Минт повеселел, приободрился и ожил.

— Только не забывай, — нарочито мрачно сказал Гатар, снова кладя ему руку на плечо, — что напарничество работает в обе стороны, иначе оно зовется иначе. Мы прикрываем тебя, ты прикрываешь нас.

— Да не волнуйся, все будет в лучшем виде! — заверил его Минт, ударяя себя кулаком в грудь.

Последователи Пентрока, бога хитрости и проныр, тоже любили так уверять, а потом обманывали. Был у Гатара печальный опыт, еще до того, как он встретил Ираниэль. Вот ее, хоть эльфийка и молилась Филоре, было не провести. Но как быть, если Терун поощрял честность и прямизну воинов?

— Особенно, если Ираниэль согласится, чтобы я прикрыл ей спину, ну, ты понимаешь, — подмигнул Минт.

Нет, пожалуй на последователя Пентрока он не тянул. Ему любили поклоняться действительно хитрые личности, особенно те, что занимались темными и незаконными делишками. А Минт же, скорее тянул на простофилю, лишь мнящего себя хитрецом из-за недостатка Интеллекта и Мудрости. Но это было поправимо. Суровая школа жизни, со стороны Гатара, и хитрость с коварством, со стороны Ираниэль.

Но и орк был способен на хитрости — например, он собирался приступить к тренировкам и перевоспитанию уже после того, как Минт подпишет контракт о найме.

— Все в твоих руках, — наклонил голову Гатар. — Сотый уровень — не предел, особенно для того, кто поставил себе цель и упорно к ней идет.

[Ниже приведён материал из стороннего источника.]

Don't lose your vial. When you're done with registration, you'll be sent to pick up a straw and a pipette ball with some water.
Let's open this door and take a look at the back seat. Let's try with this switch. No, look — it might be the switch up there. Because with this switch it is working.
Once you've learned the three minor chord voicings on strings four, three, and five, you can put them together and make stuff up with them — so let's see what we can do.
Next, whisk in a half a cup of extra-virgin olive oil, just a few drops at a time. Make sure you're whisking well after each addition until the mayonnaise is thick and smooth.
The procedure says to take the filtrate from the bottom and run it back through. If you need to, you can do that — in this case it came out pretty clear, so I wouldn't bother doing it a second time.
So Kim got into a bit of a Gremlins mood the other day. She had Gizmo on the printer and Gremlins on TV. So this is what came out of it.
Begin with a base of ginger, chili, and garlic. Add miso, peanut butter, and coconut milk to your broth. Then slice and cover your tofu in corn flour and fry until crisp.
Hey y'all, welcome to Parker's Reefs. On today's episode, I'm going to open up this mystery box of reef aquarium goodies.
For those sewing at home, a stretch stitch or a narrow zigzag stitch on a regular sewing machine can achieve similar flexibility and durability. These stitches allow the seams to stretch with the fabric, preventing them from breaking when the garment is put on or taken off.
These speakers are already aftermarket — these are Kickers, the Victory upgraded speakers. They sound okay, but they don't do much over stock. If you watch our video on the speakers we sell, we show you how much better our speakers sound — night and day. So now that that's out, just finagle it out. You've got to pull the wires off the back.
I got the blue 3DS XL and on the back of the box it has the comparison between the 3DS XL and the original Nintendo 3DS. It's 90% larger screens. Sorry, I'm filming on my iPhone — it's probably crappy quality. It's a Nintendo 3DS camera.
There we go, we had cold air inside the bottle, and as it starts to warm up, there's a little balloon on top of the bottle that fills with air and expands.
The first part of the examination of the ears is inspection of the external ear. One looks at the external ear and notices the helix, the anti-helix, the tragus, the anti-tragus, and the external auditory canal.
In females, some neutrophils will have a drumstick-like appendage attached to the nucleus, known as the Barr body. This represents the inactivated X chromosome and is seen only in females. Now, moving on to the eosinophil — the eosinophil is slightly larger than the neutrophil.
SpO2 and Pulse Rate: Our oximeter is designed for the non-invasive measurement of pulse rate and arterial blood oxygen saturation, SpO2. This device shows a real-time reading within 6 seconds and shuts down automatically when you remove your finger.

— Вот не надо этой дедовской ерунды, а? Мы же напарники! Знаешь, как я упорно над песнями и вдохновением тружусь?! Чтобы слова за самое это, чувствительное место цепляли! Ну да, есть еще огрехи, но ты попробуй сочинить песню прямо в бою! Слушай, а говорят, что после боев герои обычно того-этого, ну, для снятия стресса, друг с другом. Правда?

Озабоченность Минта любовью женщин была немного непонятна Гатару. Возможно потому, что ему никогда не приходилось ни за кем бегать, девушки сами подходили и сообщали о своих чувствах. Как в родной степи! Он сообщал в ответ, потом они любили друг друга и все были довольны.

— Думаю, неправда, — ответил Гатар, подумав. — После боя какая любовь? Если после боя на такое силы остались, это и не бой был, а так, избиение.

— Но бывало, а?

— Предлагаю тебе проверить, — решил схитрить Гатар. — Подучу тебя драться, а после крупной заварушки подойди к Ираниэль.

Если сможешь, закончил он мысленно.

— Вот это дело! — обрадовался Минт. — Ты — настоящий напарник, клянусь тринадцатью!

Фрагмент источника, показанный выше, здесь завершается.